In the proposal’s background discussion, the CFPB stated that the proposal responds to industry concerns raised by language in the preamble to the final loan originator compensation rule. That language suggested that the prohibition extended to premiums “charged to the consumer on a ‘levelized’ basis, meaning that the premiums remain the same each month, even as the consumer pays down the outstanding balance of the loan.” In anticipation of the proposal, the CFPB had delayed the effective date of the prohibition from June 1, 2013 until January 10, 2014 (which is also the effective date for most of the mortgage-related rules issued by the CFPB in January 2013). In the proposal, the CFPB asked for comments on whether it should move up the effective date.

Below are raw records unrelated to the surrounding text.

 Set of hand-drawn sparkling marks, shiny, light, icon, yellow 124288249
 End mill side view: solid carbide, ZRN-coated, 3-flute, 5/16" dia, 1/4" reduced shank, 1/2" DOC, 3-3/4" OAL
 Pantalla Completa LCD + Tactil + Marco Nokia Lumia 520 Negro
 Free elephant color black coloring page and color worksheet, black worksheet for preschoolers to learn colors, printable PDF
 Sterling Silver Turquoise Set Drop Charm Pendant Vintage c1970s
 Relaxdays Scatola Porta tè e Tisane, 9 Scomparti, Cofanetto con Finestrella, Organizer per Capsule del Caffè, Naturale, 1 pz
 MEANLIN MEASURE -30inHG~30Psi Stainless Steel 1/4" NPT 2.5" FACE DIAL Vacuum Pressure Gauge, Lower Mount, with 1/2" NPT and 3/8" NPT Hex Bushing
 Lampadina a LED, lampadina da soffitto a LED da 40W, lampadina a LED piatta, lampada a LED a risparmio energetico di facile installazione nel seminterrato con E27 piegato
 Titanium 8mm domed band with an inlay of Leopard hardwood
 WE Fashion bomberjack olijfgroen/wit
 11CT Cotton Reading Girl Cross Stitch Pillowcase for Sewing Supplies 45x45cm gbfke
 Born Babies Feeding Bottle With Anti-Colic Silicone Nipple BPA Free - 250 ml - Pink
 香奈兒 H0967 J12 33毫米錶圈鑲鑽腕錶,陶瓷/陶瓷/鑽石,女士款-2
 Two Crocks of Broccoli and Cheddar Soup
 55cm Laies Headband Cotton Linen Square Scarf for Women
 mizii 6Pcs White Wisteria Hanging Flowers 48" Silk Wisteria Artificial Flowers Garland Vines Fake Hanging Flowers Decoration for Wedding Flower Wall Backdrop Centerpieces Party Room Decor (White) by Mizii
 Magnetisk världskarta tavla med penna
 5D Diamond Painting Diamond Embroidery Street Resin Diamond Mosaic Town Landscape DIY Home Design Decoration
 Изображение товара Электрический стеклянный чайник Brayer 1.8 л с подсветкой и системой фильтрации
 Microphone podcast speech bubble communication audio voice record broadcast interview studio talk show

The proposed amendments addressed two issues: when premiums are considered to be “calculated and paid in full on a monthly basis” for purposes of the exclusion from the prohibition and what constitutes “financing” of premiums by a creditor. The proposal rejected industry’s argument that levelized and level premiums should be considered “calculated on a monthly basis” even though they do not decrease each month as the loan balance decreases. Instead, the CFPB took the position that only decreasing premiums or premiums calculated using a factor that changes monthly are “calculated on a monthly basis” for purposes of the exemption.
The proposal also did not clearly exclude level or levelized premiums from the prohibition on the basis that they are not “financed” even though they are separate, monthly transactions that are collected along with the loan’s principal and interest payment and are paid in full each month. It would add new language providing that “a creditor finances a premium or fee for credit insurance if it provides a consumer the right to defer payment of a credit insurance premium or fee owed by the consumer.”
Comment letters filed by providers of the various credit insurance products covered by the prohibition as well as an industry trade group seek a more precise definition of when premiums are “financed” for purposes of the prohibition. They ask the CFPB to clarify that monthly premiums are financed only if they are deferred beyond the month in which they are due.
The comment letters also discuss the absence of support in Dodd-Frank for the CFPB’s narrow reading of when premiums are “calculated on a monthly basis” and assert that the type of premium (decreasing, level or levelized) is irrelevant and whether premiums are “calculated on a monthly basis” should depend only on whether they are paid in full in each month.
Finally, all of the commenters urge the CFPB not to move up the prohibition’s January 10, 2014 effective date.
We think the commenters have made a convincing case and that the CFPB should revise its proposal to make clear that the prohibition does not apply to level and levelized premiums.